State laws prohibit CPAs from paying or receiving referral fees with
respect to some or all of their clients or using fee arrangements that are
contingent upon the outcome of their engagements or the results imparted to
some or all of their clients. Certain of these restrictions would be relaxed
with the passage of the Uniform Accountancy Act, as currently proposed.
Centerprise will comply with these restrictions in implementing its
compensation arrangements.
The accounting profession and accounting regulators require that CPAs
maintain objectivity and independence while performing attest services. These
independence standards prohibit CPAs, employees of accounting firms and members
of the immediate families of such CPAs and employees from having ownership and
other financial relationships with attest clients and participating in the
management, operations or accounting functions of such clients. Independence
can also be impaired as a result of litigation or other disputes with the
client, common investments with the client or indemnity agreements relating to
attest services. Under recent interpretations, as applied to Centerprise's
proposed operations, these standards will extend to Centerprise's executives,
board members and controlling stockholders as well as CPA employees of
Centerprise who own the Attest Firms.
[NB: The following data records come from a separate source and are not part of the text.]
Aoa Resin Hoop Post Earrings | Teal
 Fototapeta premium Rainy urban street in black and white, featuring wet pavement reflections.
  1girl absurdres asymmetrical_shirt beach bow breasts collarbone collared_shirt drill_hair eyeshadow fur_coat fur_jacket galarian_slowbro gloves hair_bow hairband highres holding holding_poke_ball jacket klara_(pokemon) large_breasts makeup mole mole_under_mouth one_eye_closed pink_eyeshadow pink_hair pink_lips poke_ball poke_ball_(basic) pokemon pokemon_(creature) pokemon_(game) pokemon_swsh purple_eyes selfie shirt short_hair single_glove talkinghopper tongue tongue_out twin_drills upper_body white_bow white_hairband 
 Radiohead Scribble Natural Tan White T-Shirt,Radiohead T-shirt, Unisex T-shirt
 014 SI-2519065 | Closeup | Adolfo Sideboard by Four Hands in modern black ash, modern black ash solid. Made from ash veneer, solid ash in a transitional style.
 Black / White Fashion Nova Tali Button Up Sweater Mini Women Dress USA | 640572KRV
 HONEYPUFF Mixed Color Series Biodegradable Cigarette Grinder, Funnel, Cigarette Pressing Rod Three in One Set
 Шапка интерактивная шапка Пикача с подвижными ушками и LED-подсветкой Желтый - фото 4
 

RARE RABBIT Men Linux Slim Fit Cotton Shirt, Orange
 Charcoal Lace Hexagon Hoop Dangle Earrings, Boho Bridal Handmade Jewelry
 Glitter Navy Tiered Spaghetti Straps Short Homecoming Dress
In addition to the independence
standards, CPAs who provide litigation consulting services on behalf of
Centerprise or an Attest Firm will be subject to rules designed to avoid
conflicts of interest, e.g., simultaneous representation of, or other
relationships with, adverse parties. Centerprise intends to comply with all
applicable requirements related to independence and avoidance of conflicts of
interest.
Existing state laws and regulations are subject to evolving
interpretations and enforcement policies and present numerous risks to
Centerprise's operations, primarily those described under "Risk Factors--
Regulation of the accounting profession will constrain Centerprise's operations
and impact its structure and could impair its ability to provide services to
some clients, including the Attest Firms."
Insurance Business. Centerprise or its insurance employees must be
licensed to act as agents by state regulatory authorities in the states in
which it provides insurance services. Regulations and licensing laws vary in
individual states and are often complex. The applicable licensing laws and
regulations in all states are subject to amendment or reinterpretation by state
regulatory authorities, and such authorities are vested in most cases with
broad discretion as to the granting, revocation, suspension and renewal of
licenses. State insurance departments and the National Association of Insurance
Commissioners continually re-examine existing laws and regulations. Centerprise
cannot predict the future impact of potential state and federal regulations on
its insurance operations, and there can be no assurance that those changes in
insurance-related laws and regulations, or their interpretation or enforcement,
will not harm Centerprise's insurance brokerage business.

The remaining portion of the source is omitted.